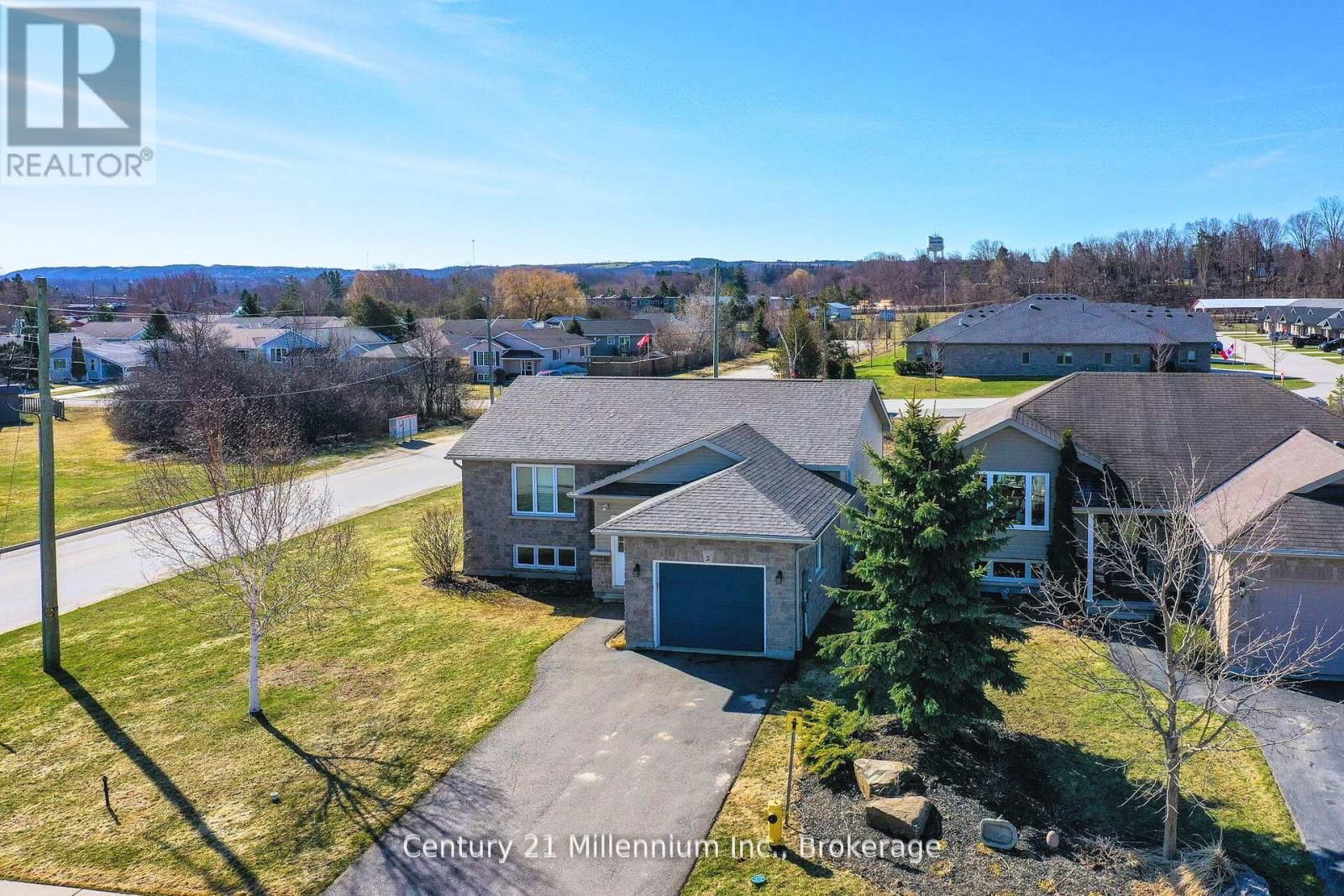 2 ST ANDREWS DRIVE Image 1
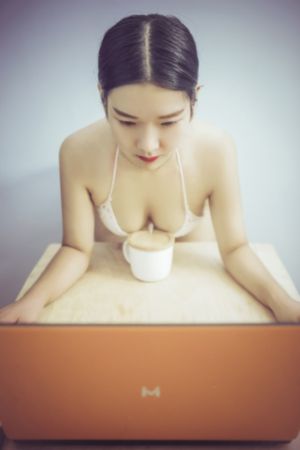 久久999色_BD韩国电影在线观看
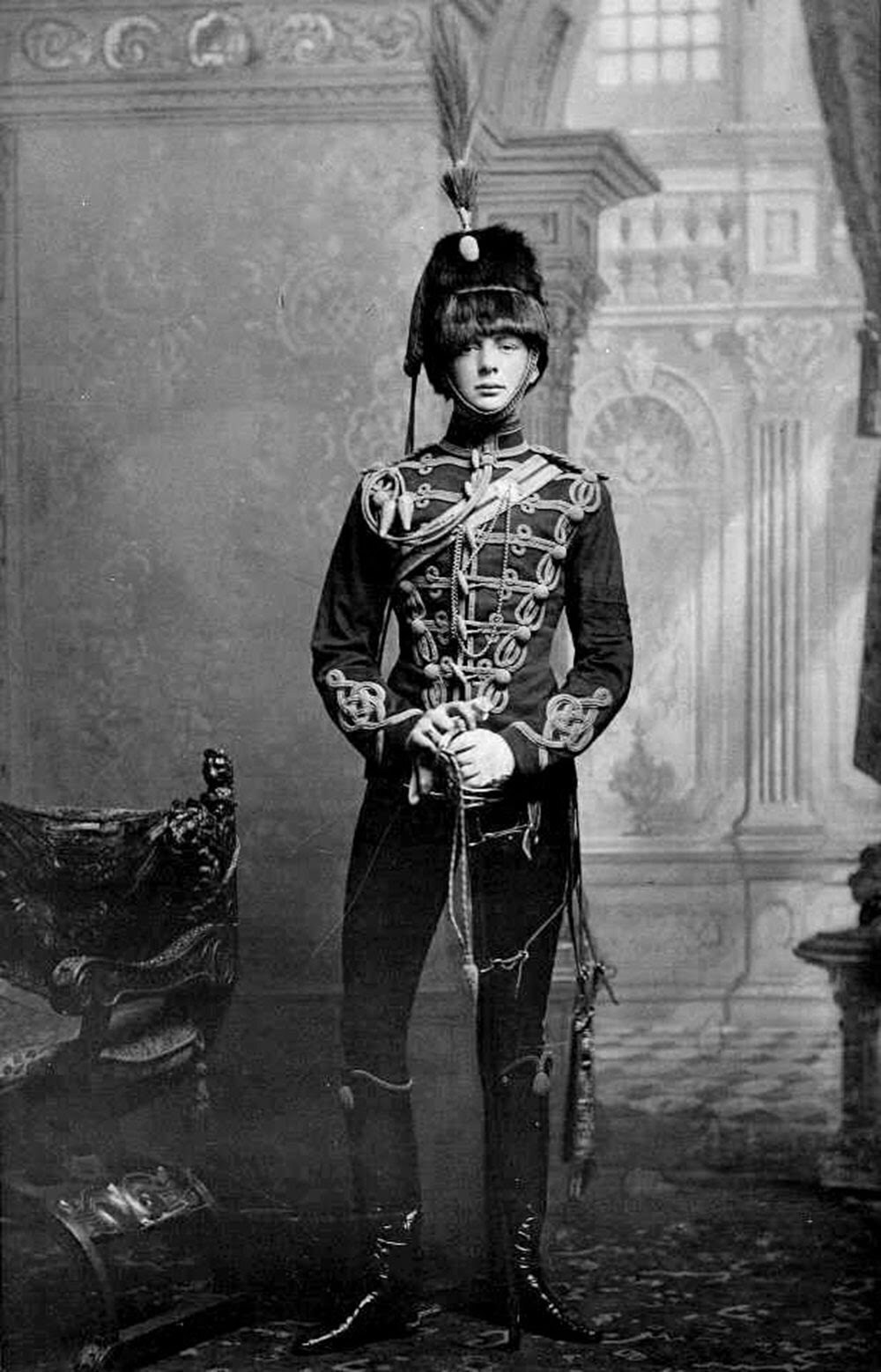 Az ijfú Winston Churchill huszár egyenruhában (1895)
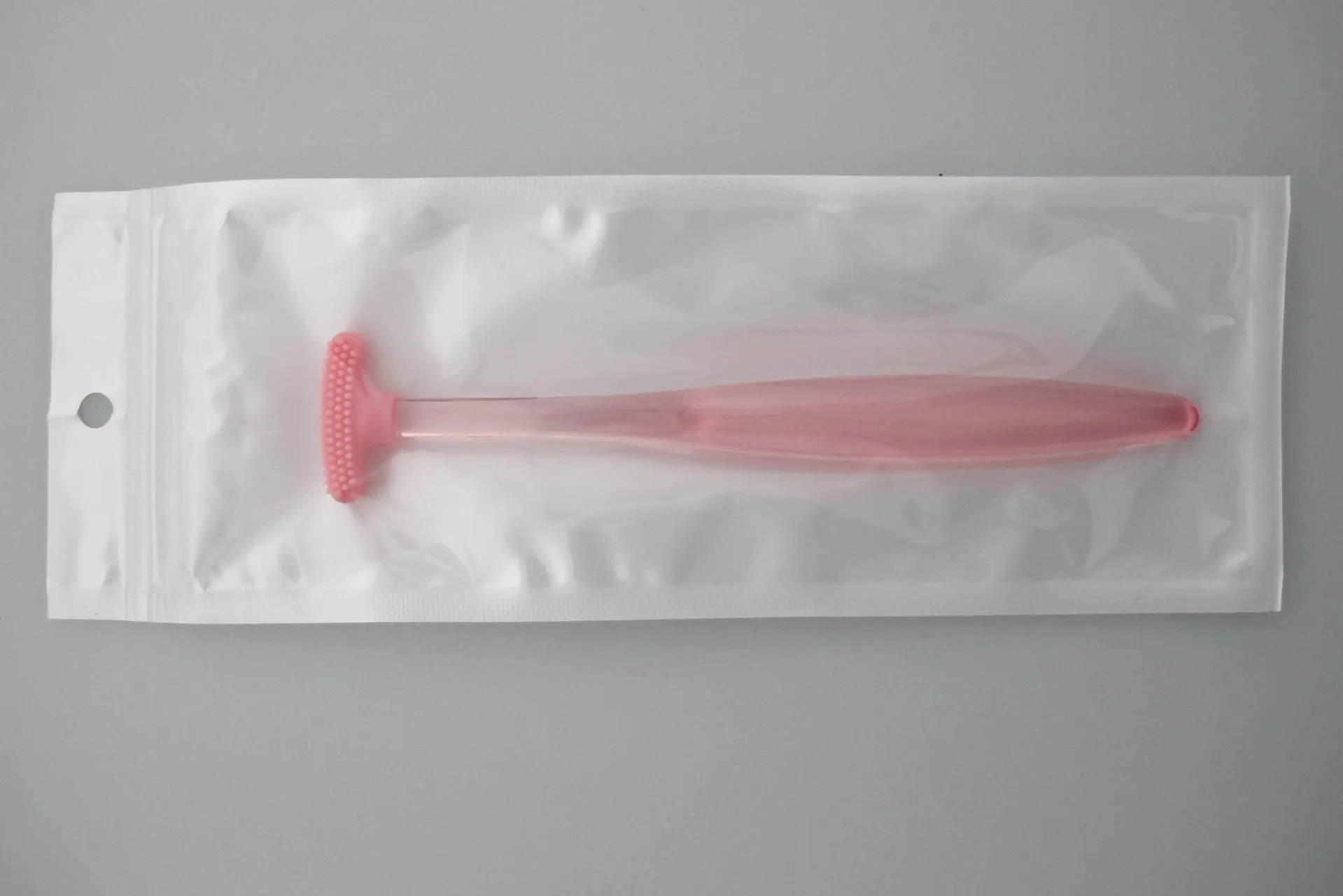 Bag tongue scraper and tongue cleaner
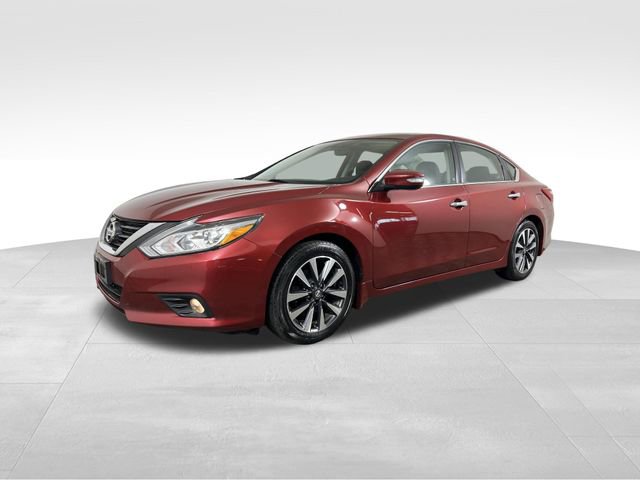 Used 2017 Nissan Altima 2.5 SV w/ Convenience Package image 2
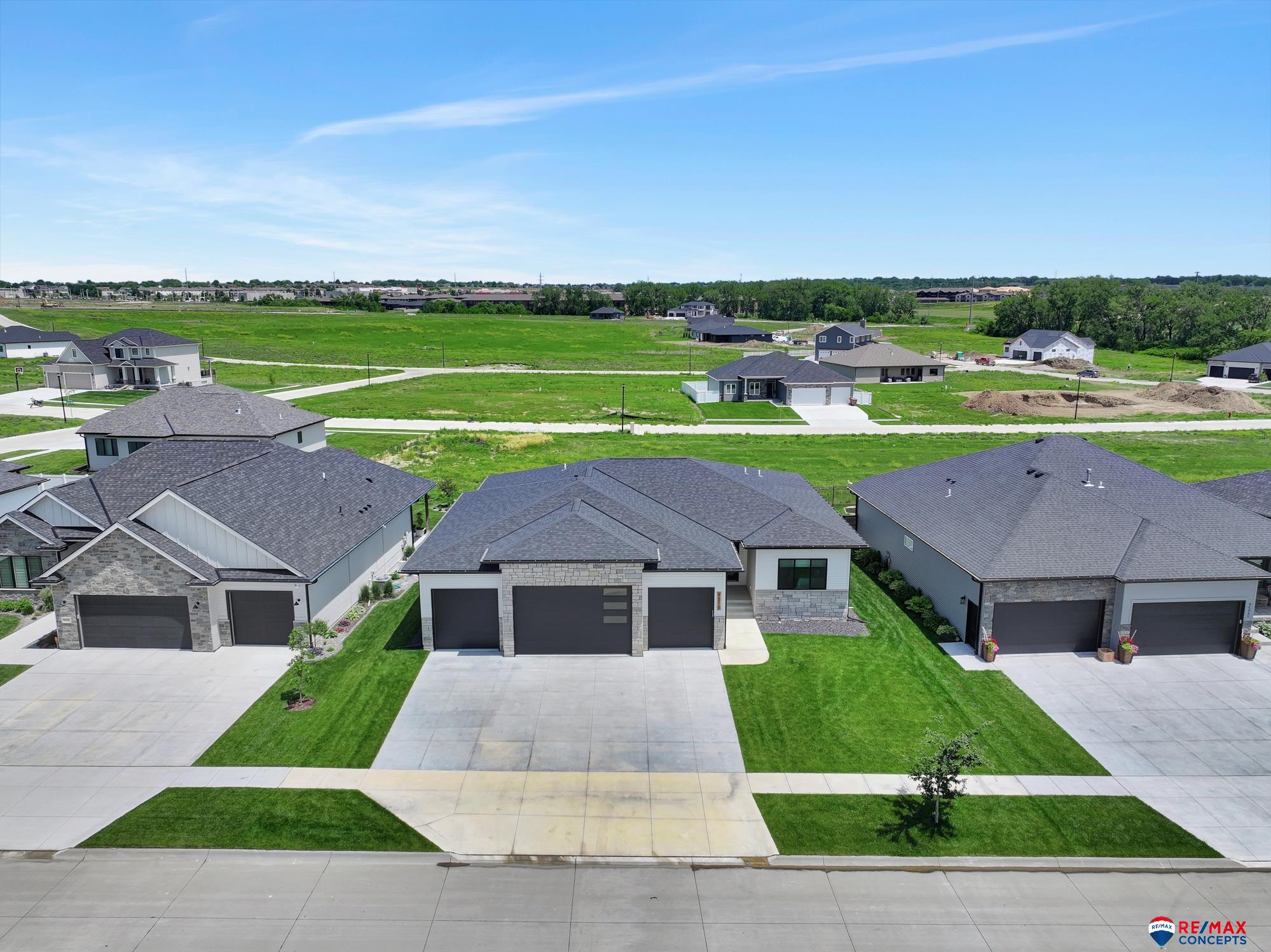 9510 Green Valley Lane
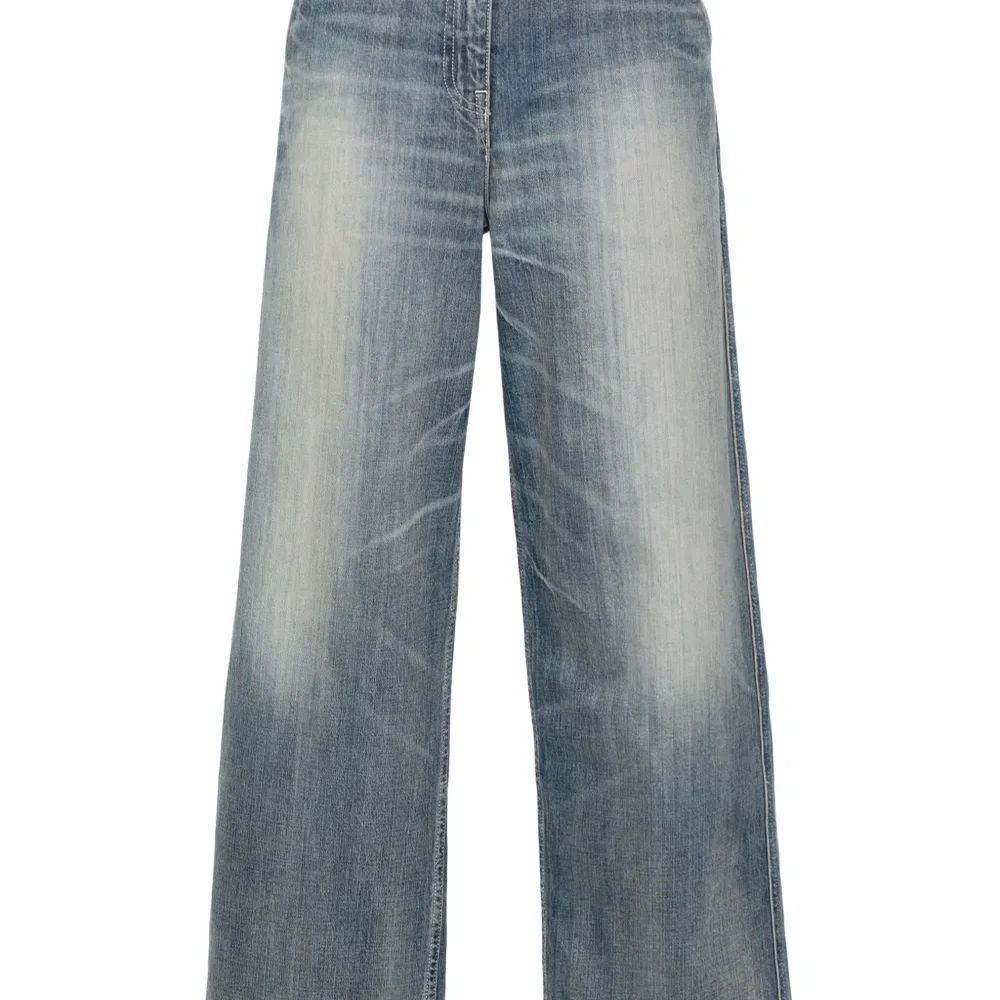 Широкие джинсы с заниженной талией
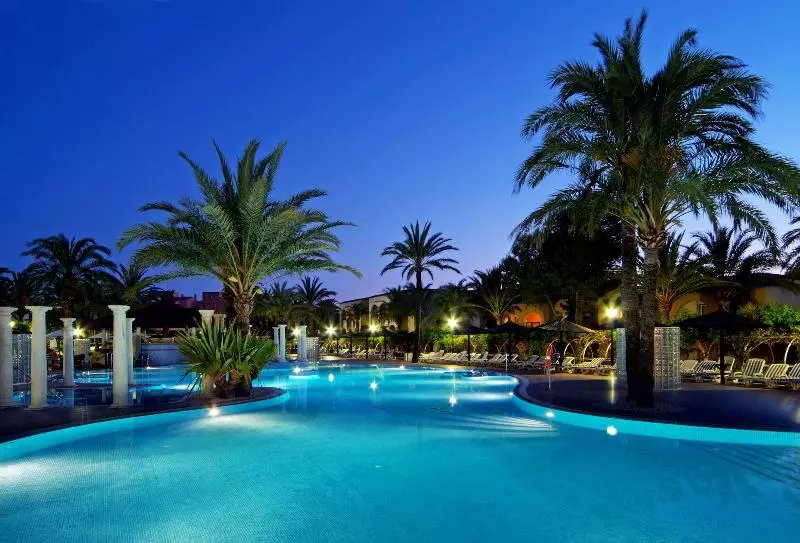 Отель Zahara Resorts & Villas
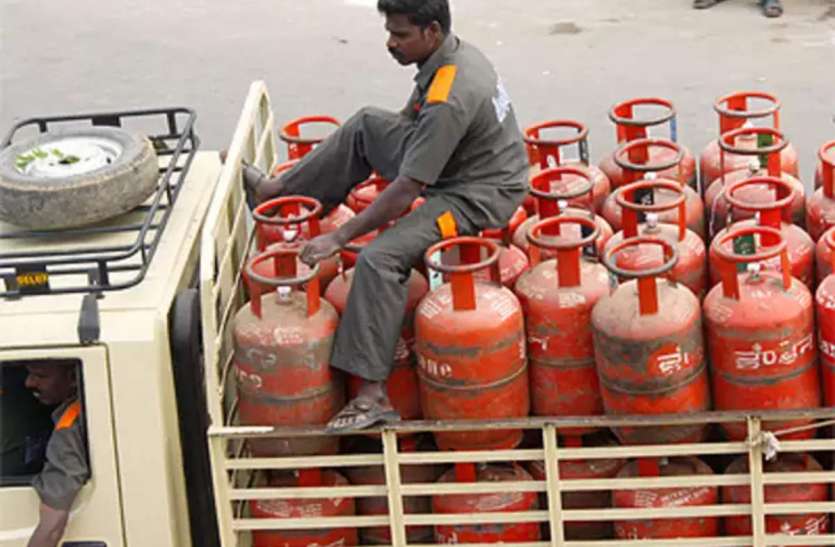 lpg.jpg खुशखबरी: एक फोन या Missed Call पर मिलेगा गैस कनेक्शन, जानिये पूरा प्रोसेस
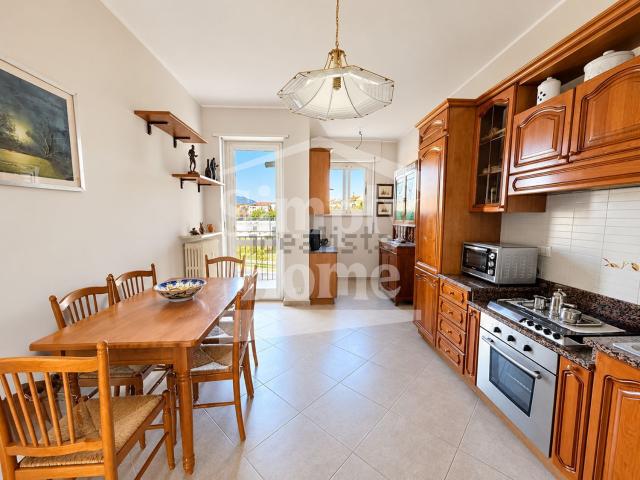 Appartamento in vendita di 92 m² in Via Biella, 8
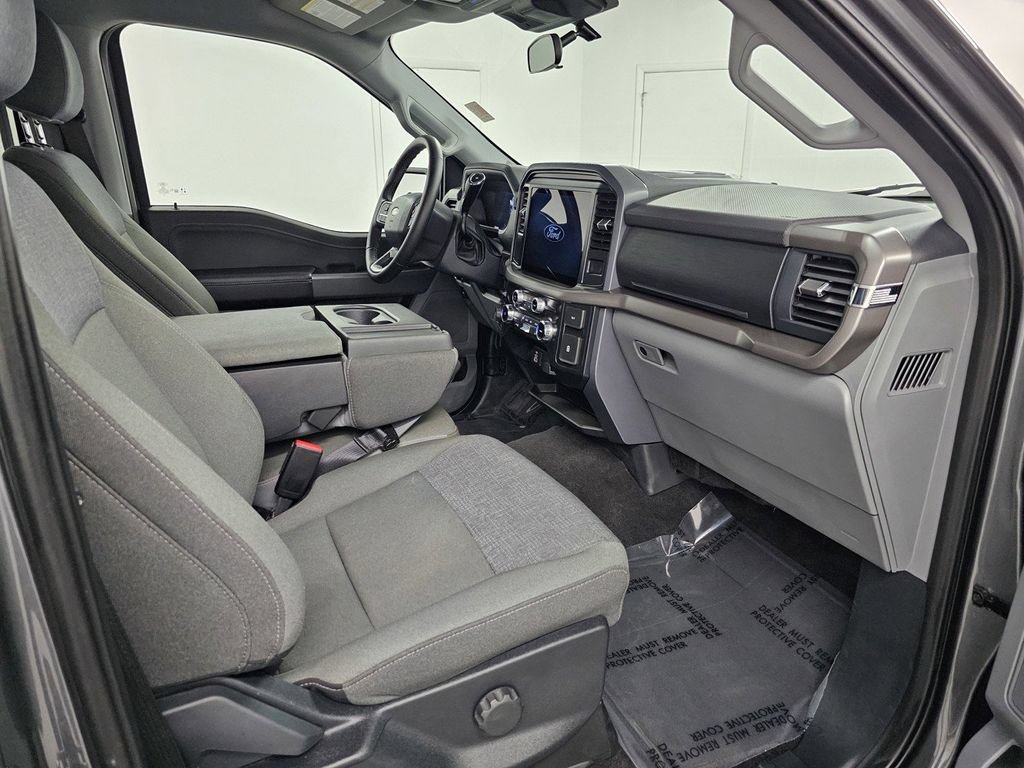 Used 2025 Ford F150 XLT w/ Equipment Group 301A Standard AWD/4WD image 23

- Assignment
Exact copies of the entries above are needed, without their pictures.

- Problem solution
 2 ST ANDREWS DRIVE Image 1
 久久999色_BD韩国电影在线观看
 Az ijfú Winston Churchill huszár egyenruhában (1895)
 Bag tongue scraper and tongue cleaner
 Used 2017 Nissan Altima 2.5 SV w/ Convenience Package image 2
 9510 Green Valley Lane
 Широкие джинсы с заниженной талией
 Отель Zahara Resorts & Villas
 lpg.jpg खुशखबरी: एक फोन या Missed Call पर मिलेगा गैस कनेक्शन, जानिये पूरा प्रोसेस
 Appartamento in vendita di 92 m² in Via Biella, 8
 Used 2025 Ford F150 XLT w/ Equipment Group 301A Standard AWD/4WD image 23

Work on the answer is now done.